Tudo o que viemos até agora dizendo nos leva à seguinte
conclusão: da mesma maneira como é possível pensar por palavras, também é possível
pensar por imagens. A partir do momento em que se organiza um texto,
não tendo apenas como suporte a linguagem verbal escrita, como fomos
habituados, levando-nos a um esforço de abstracção tendo como ponto de partida
um sistema secundário (o poema, o livro de poemas) estruturado já a partir de
um sistema primário (a linguagem verbal), ao fazer uso do ikon e
do logos simultaneamente, a metáfora permite que uma imagem ou
uma constelação de imagens aflorem com mais nitidez na consciência. Mas, se
dermos uma olhada na história da escrita, constataremos que as letras foram
decalcadas inicialmente de imagens pintadas: pictogramas, hieróglifos, ou seja,
o poema devolve às palavras a força original de ter sido arte plástica, de
ter sido ícone, antes de se tornar um código sistematizado, e instituído
convencionalmente, formado por signos abstraídos de forças ou elementos
advindos da natureza contemplada e vivenciada pelos nossos antepassados.

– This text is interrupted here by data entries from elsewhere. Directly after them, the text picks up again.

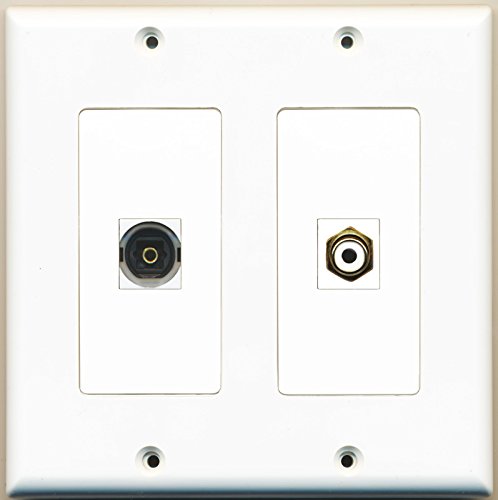 RiteAV - 1 porta HDMI e 1 porta cavo coassiale TV, tipo F e 1 porta S RiteAV - 1 porta HDMI e 1 porta cavo coassiale TV, tipo F e 1 porta S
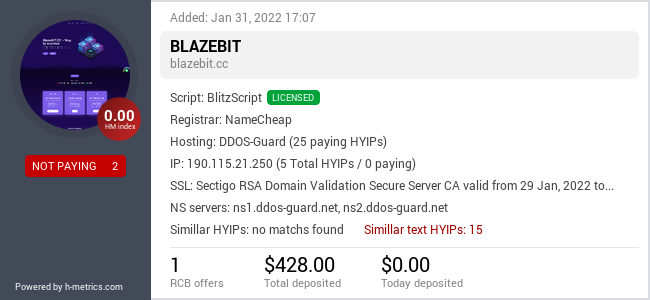 HYIPLogs.com widget for blazebit.cc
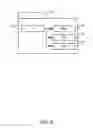 Fig. 11 - Consistent Interface for Lead Business Object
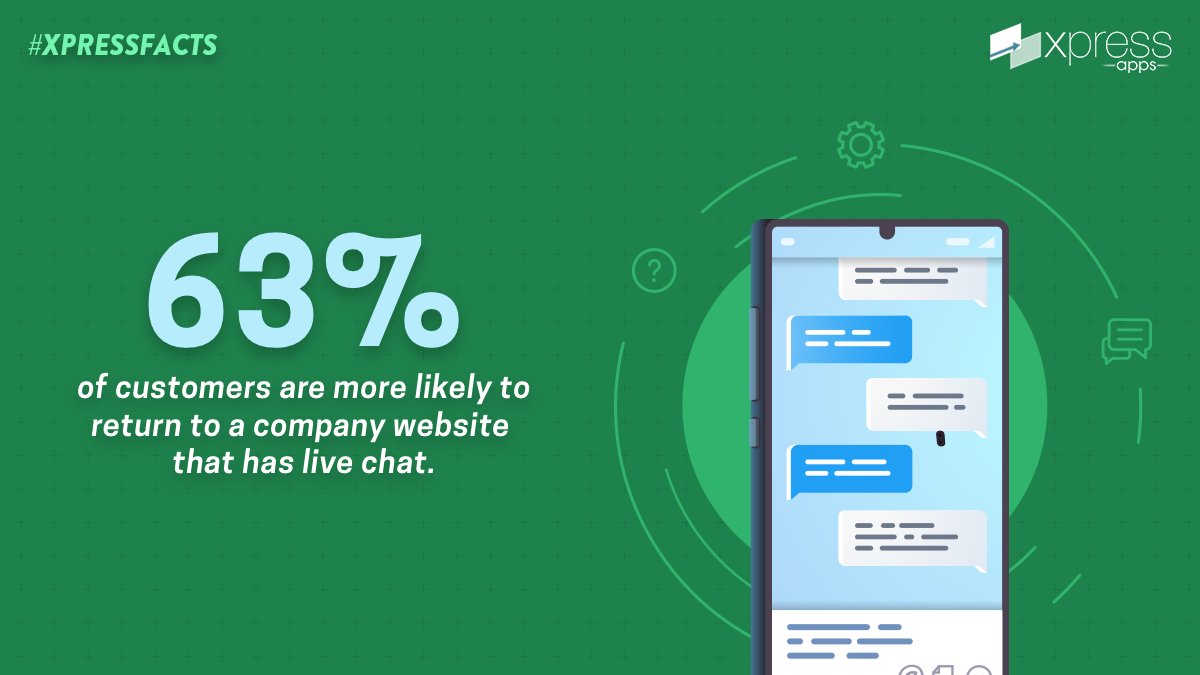 xpressapps's tweet photo. According to the survey it has been found that more customer shows interest in that company who have live chat or chatbot.
#XpressApps #livechat #XpressFacts #FridayFacts #chatbots #PersonalTrainer https://t.co/9UuRlX1P5c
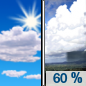 Monday: Showers likely and possibly a thunderstorm after 2pm.  Mostly sunny, with a high near 88. South southeast wind around 5 mph.  Chance of precipitation is 60%.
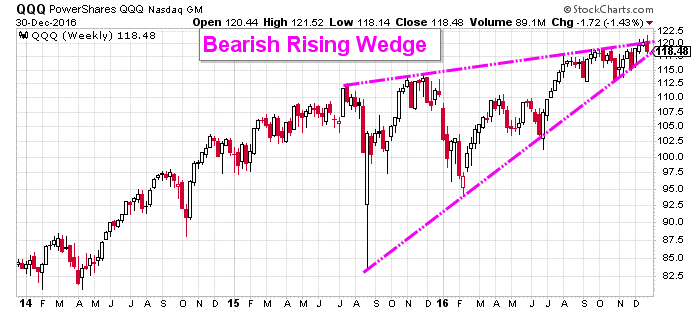 Iwm Stock Chart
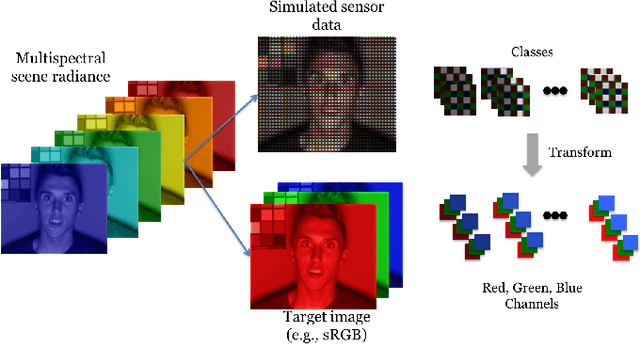 Figure 2 for Learning the image processing pipeline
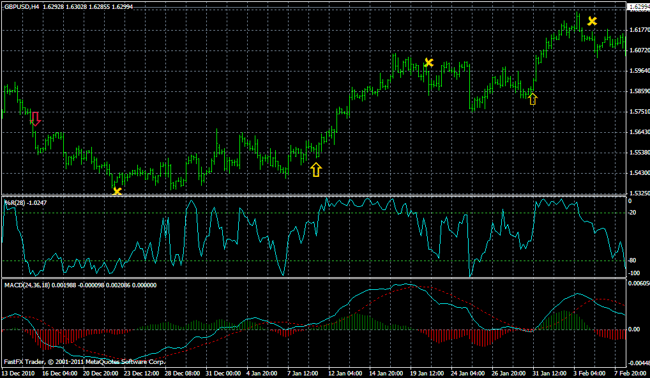 Williams Percent Range ใน MT4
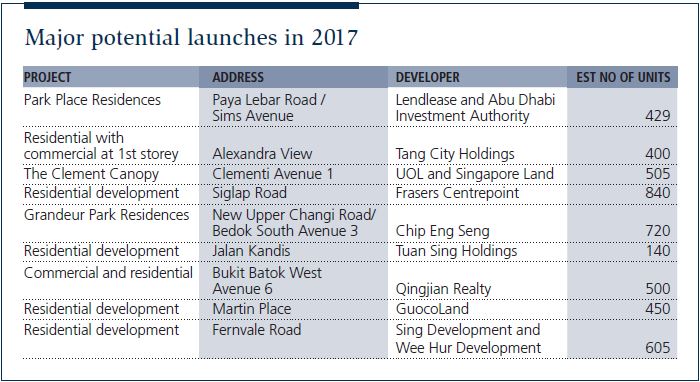 Major potential launches in 2017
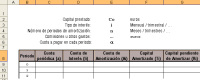 Muestra los datos y columnas que hay en el encabezamiento de un cuadro de amortización de préstamos.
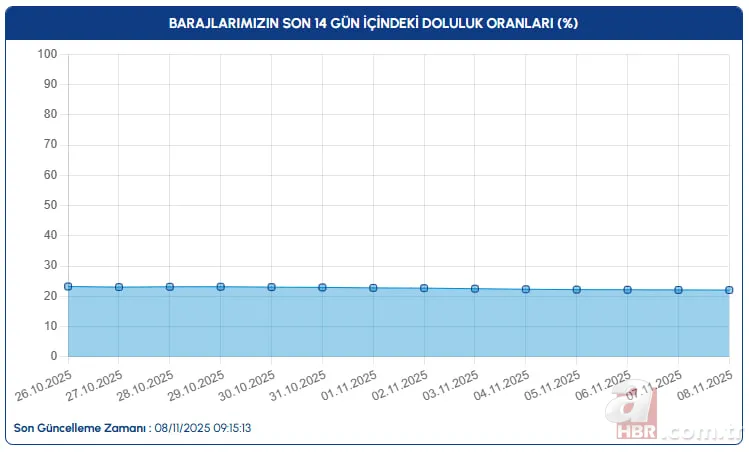 İstanbul, Ankara ve Bursa’da su seviyesi ne durumda? 8 Kasım İSKİ, ASKİ, BUSKİ baraj doluluk oranları 4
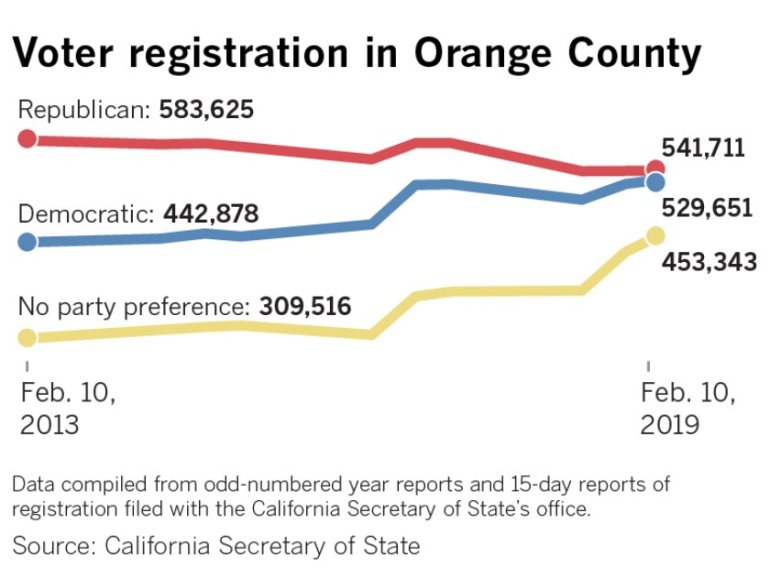 A chart shows the voter registration by party in Orange County between Feb. 10, 2013 and Feb. 10, 2019.(Chris Keller / Los Angeles Times)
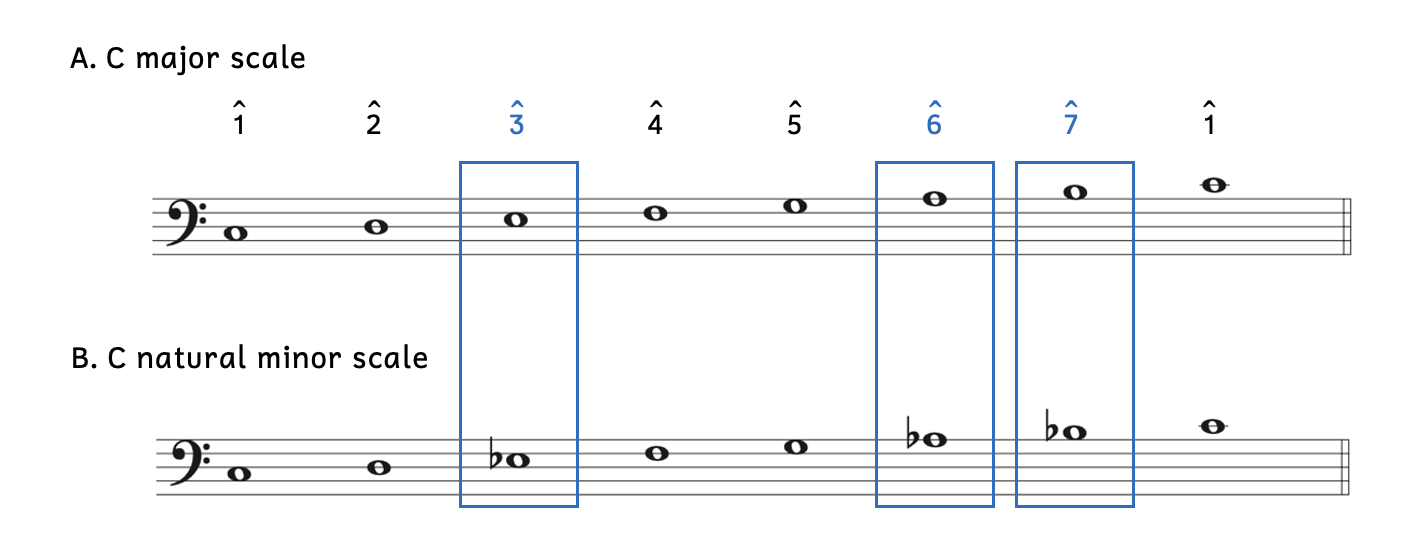 Example A shows a C major scale and Example B shows a C minor scale. There are three notes that are different: scale degree 3, scale degree 6, and scale degree 7.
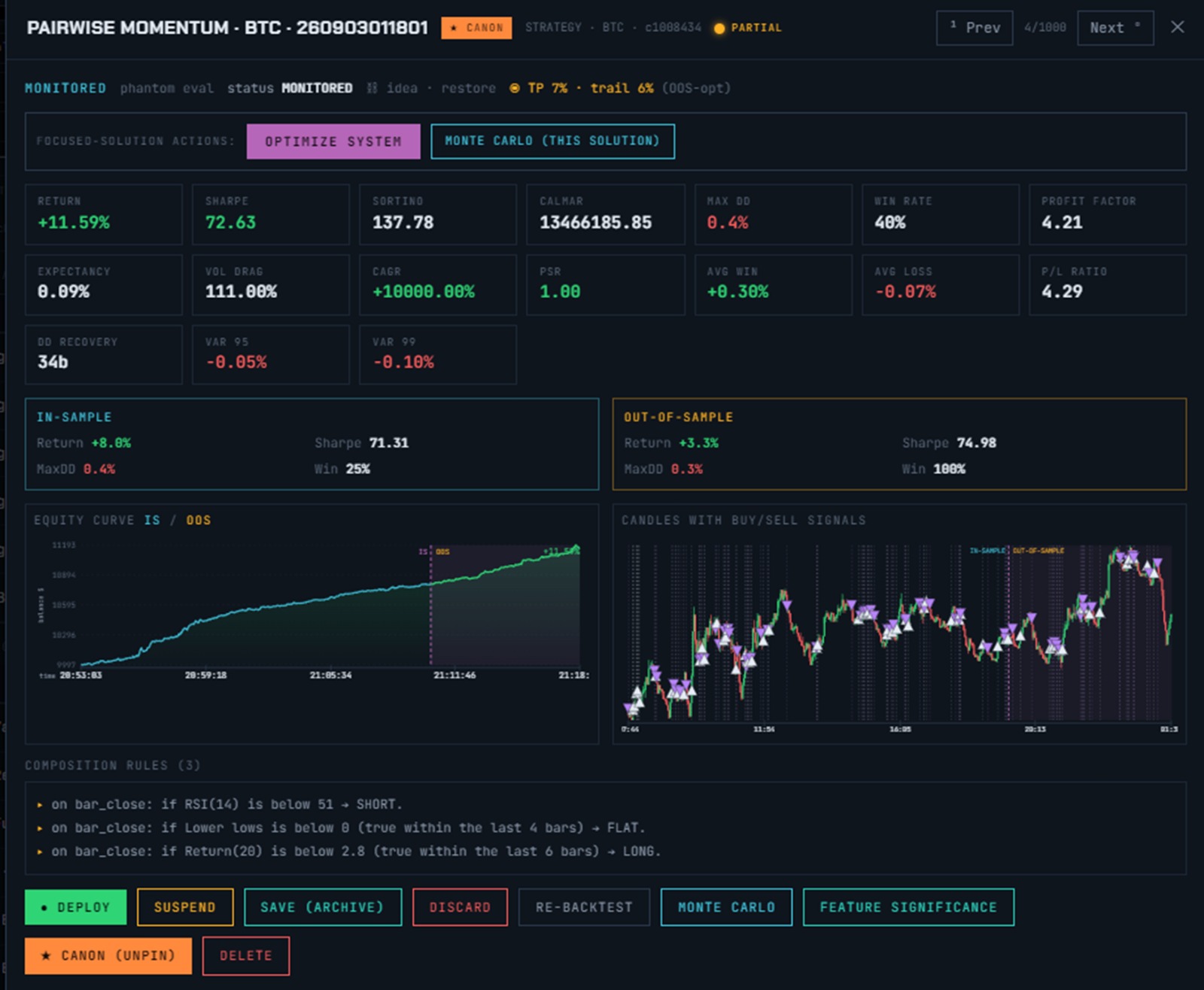 QuantStudio MVP dashboard — live BTC backtest with equity curve, buy/sell signals and composition rules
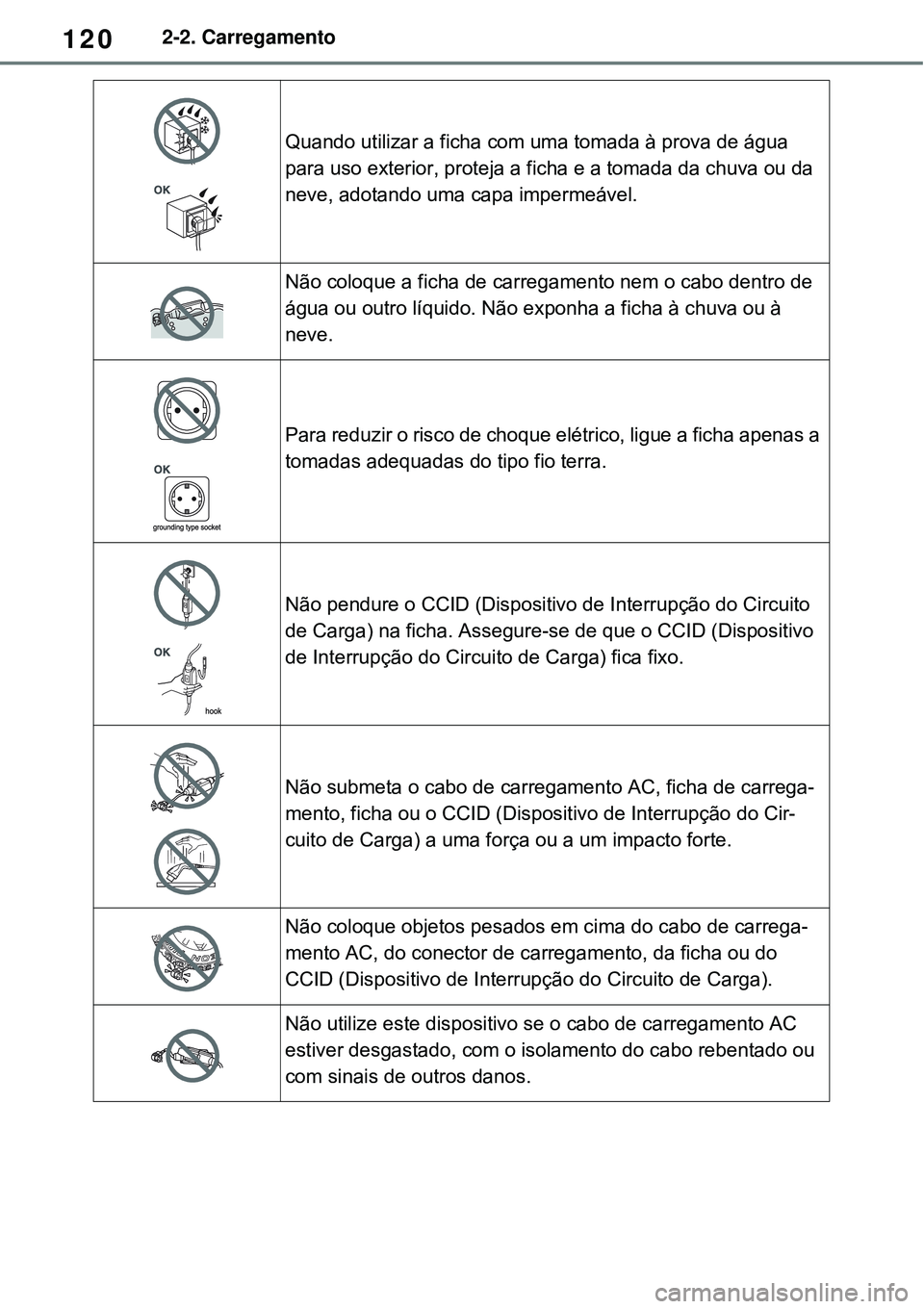 TOYOTA RAV4 PLUG-IN HYBRID 2021 Manual de utilização (in Portuguese) 1202-2. Carregamento
Quando utilizar a ficha com uma tomada à prova de água
para uso exterior, proteja a ficha e a tomada da chuva ou da
neve, adotando uma capa impermeável.
Não coloque a ficha TOYOTA RAV4 PLUG-IN HYBRID 2021 Manual de utilização (in Portuguese) 1202-2. Carregamento
Quando utilizar a ficha com uma tomada à prova de água
para uso exterior, proteja a ficha e a tomada da chuva ou da
neve, adotando uma capa impermeável.
Não coloque a ficha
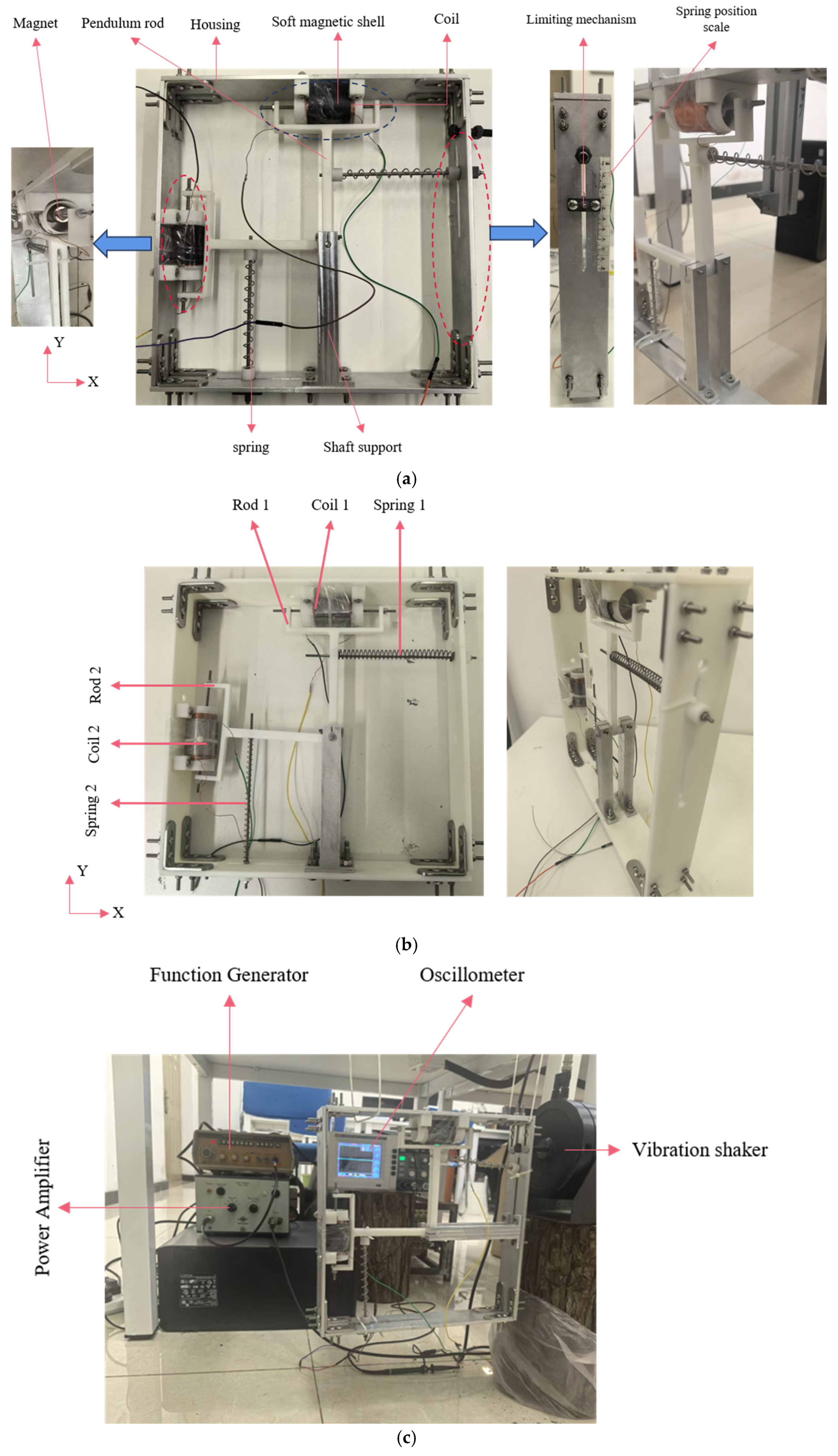 Sensors 25 02017 g0a4a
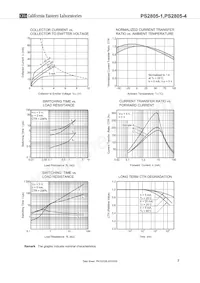 PS2805-4-F3-A Datasheet Pagina 7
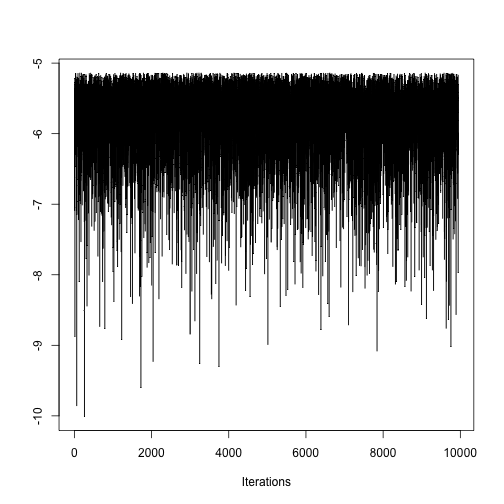 plot of chunk project_btw_trace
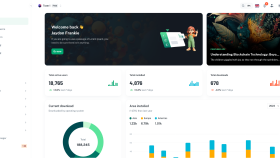 profesyonel şekilde anahtar teslim web sitesi yaparım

Porém, o mais importante de tudo sobre o que acima discorremos
é o facto de a imagem literária ser o lugar privilegiado da organização e da
transmissão das imagens depositadas no imaginário colectivo, visto que ela, a
imagem literária, é um veículo sem peias nem freios de ordem alguma, seguindo a
sua própria gramática, que é a de articular sentidos sem se submeter ao que se
encontra instituído como lógica aristotélica-cartesiana. Prova dessa altiva
liberdade é a maneira como a poesia contemporânea trata a gramática normativa
ou a língua vernacular. A poesia pouco está ligando para essas duas
instituições, com seus limites impositores de uma determinada maneira de enunciação
ou comportamento. Quem sabe, a poesia contemporânea não tenha esquecido a
criativa e frutífera lição do linguista Roman Jakobson, conclamando ao
enlace dos dois domínios, Poética e Linguística, a juntarem seus conhecimentos
visando à análise e interpretação da poesia. Mesmo porque a Linguística, como
campo do conhecimento que tem como objecto de estudo as línguas naturais, nunca
teve pretensões de prescrever nada, mas apenas de descrever, instaurando-se
como um espaço de liberdade para as diversas variantes de uma mesma língua,
visto que as considera todas num mesmo patamar, quer seja uma língua de um país
da Europa, quer seja a língua dos índios Yanomamis, habitantes dos
lugares mais recônditos da floresta amazónica». In Márcio Lima Dantas, Esboço para um possível Ensaio sobre Fiama Hasse Pais
Brandão, Departamento de Letras da UFRN, Tópicos de Literatura
Portuguesa II, Wikipédia, Poesia 61.